● EXERCISE DIRECTIONS:
Your output must consist of the records printed verbatim, with the pictures excluded.

● DATASET ENTRIES:
....................
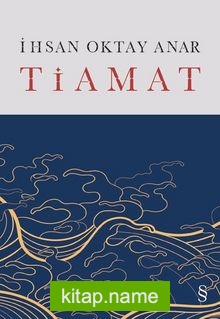 Tiamat (Ciltli)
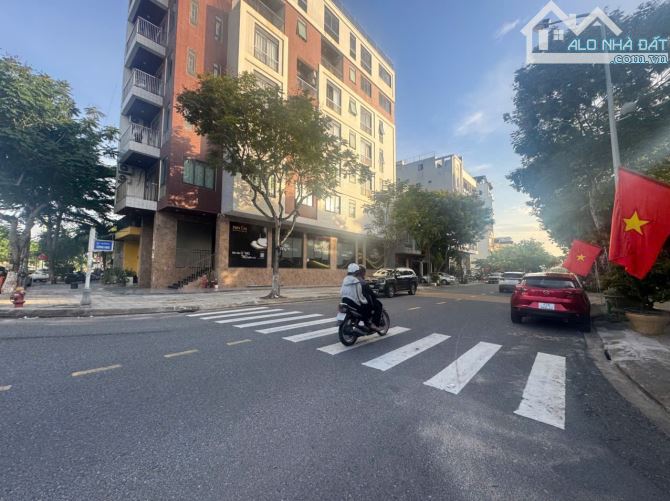 CHÍNH CHỦ CẦN BÁN GÓC 2 MẶT TIỀN ĐƯỜNG BÙI KỶ – DIỆN TÍCH 150M² – NGANG 9M – GẦN ĐẠI HỌC N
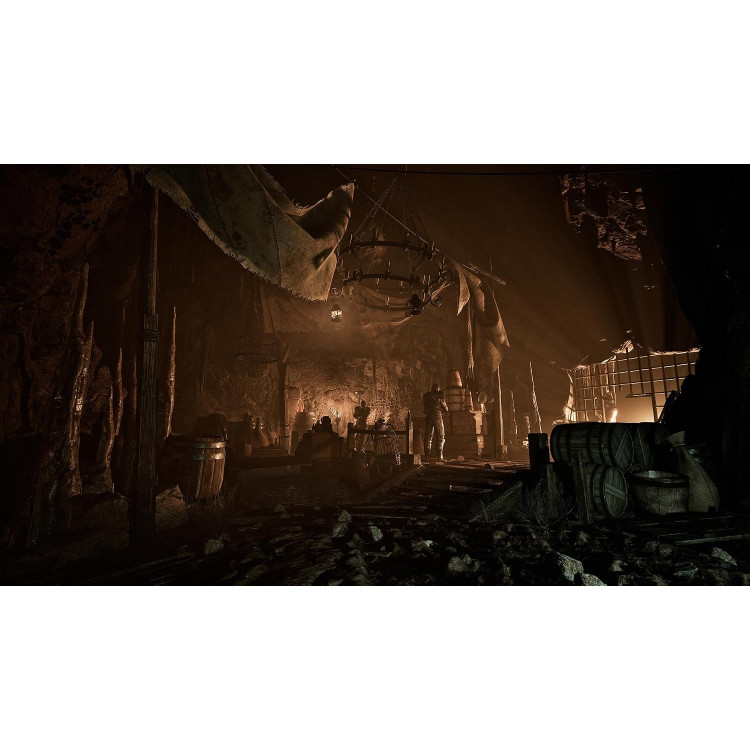 خرید بازی Gothic 1 Remake برای PS5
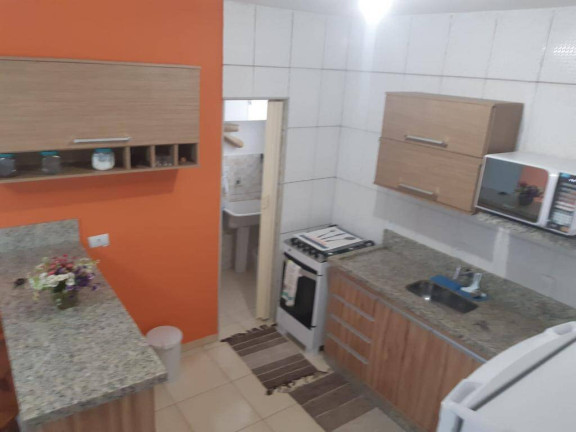 Imagem Apartamento com 2 Quartos à Venda, 55 m² em Acaraú - Ubatuba Imagem Apartamento com 2 Quartos à Venda, 55 m² em Acaraú - Ubatuba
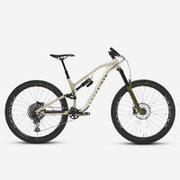 Bicicletă MTB All Mountain Cadru Aluminiu 29"- FEEL 900 LT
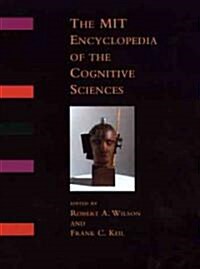 The Mit Encyclopedia of the Cognitive Sciences (Mitecs) (Paperback)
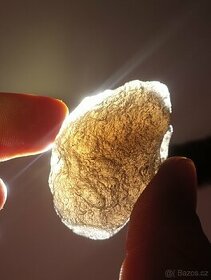 Agni manitite Indonésie 33,35g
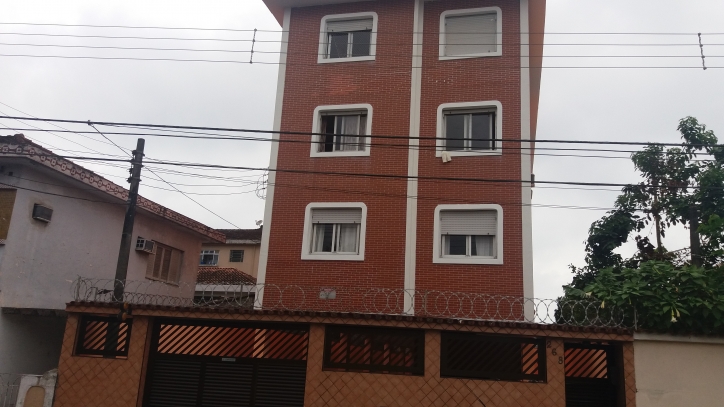 apartamento venda vila voturuá São Vicente 2173965 apartamento venda vila voturuá São Vicente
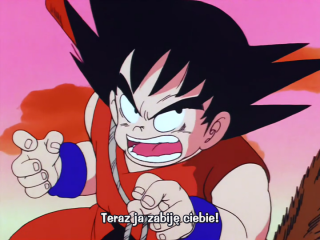 Dragon Ball: odcinek nr 103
....................
● SOLUTION:
 Tiamat (Ciltli)
 CHÍNH CHỦ CẦN BÁN GÓC 2 MẶT TIỀN ĐƯỜNG BÙI KỶ – DIỆN TÍCH 150M² – NGANG 9M – GẦN ĐẠI HỌC N
 خرید بازی Gothic 1 Remake برای PS5
 Imagem Apartamento com 2 Quartos à Venda, 55 m² em Acaraú - Ubatuba Imagem Apartamento com 2 Quartos à Venda, 55 m² em Acaraú - Ubatuba
 Bicicletă MTB All Mountain Cadru Aluminiu 29"- FEEL 900 LT
 The Mit Encyclopedia of the Cognitive Sciences (Mitecs) (Paperback)
 Agni manitite Indonésie 33,35g
 apartamento venda vila voturuá São Vicente 2173965 apartamento venda vila voturuá São Vicente
 Dragon Ball: odcinek nr 103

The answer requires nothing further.